==== Data under study ====

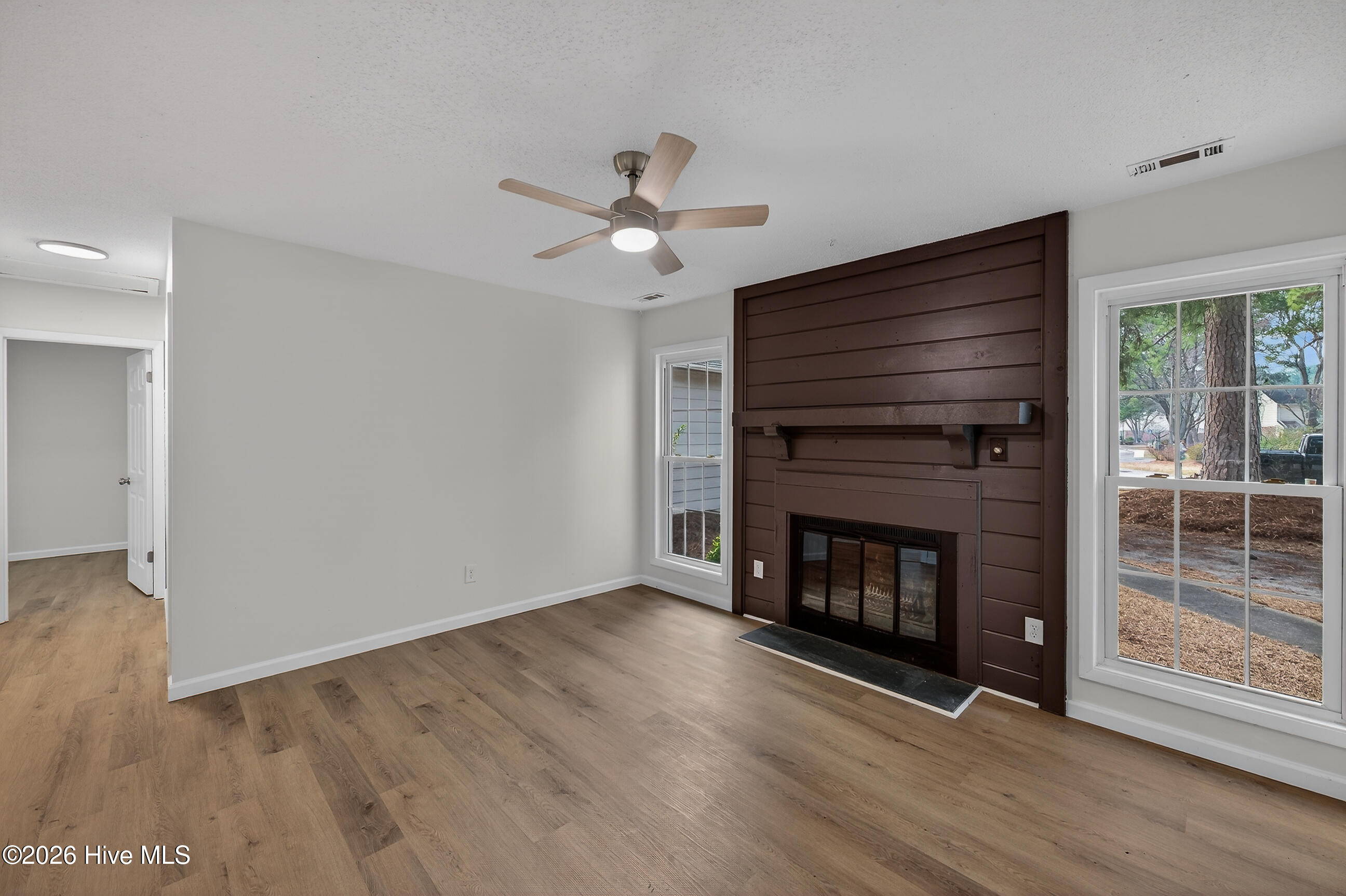 302 Pine Valley Road Jacksonville, NC 28546 - Photo 8 of 26 08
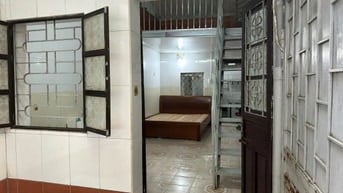 Cho thuê nhà riêng 1 tầng, số 10 ngõ 158 phố Lò Đúc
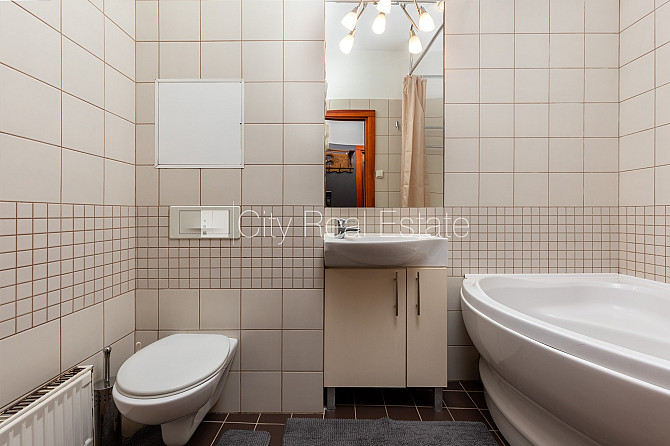 Fasādes māja, labiekārtots apzaļumots pagalms, slēgts pagalms, ieeja no pagalma, beletāža, Rīga - foto 10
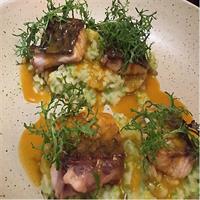 4 iconic restaurants of Lima / 3-hour guided food tour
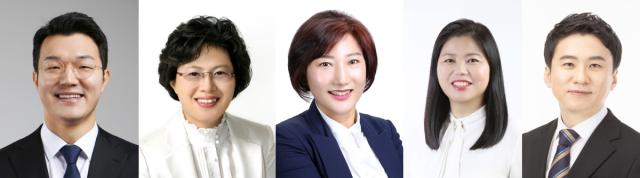 NSP통신-안산시의회가 내달 2일 개회하는 제297회 제1차 정례회에서 의원 발의 조례안 6건을 심의한다. 사진은 조례안 발의에 나선 최진호(왼쪽부터), 박은경, 현옥순, 박은정, 송바우나 의원 모습. (사진 = 안산시의회)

====

__Your task__. Copy out the lines exactly as written, beginning with the one that contains "Fasādes māja, labiekārtots" and ending with the last line of the material; do not include pictures.

__Task output__.
 Fasādes māja, labiekārtots apzaļumots pagalms, slēgts pagalms, ieeja no pagalma, beletāža, Rīga - foto 10
 4 iconic restaurants of Lima / 3-hour guided food tour
 NSP통신-안산시의회가 내달 2일 개회하는 제297회 제1차 정례회에서 의원 발의 조례안 6건을 심의한다. 사진은 조례안 발의에 나선 최진호(왼쪽부터), 박은경, 현옥순, 박은정, 송바우나 의원 모습. (사진 = 안산시의회)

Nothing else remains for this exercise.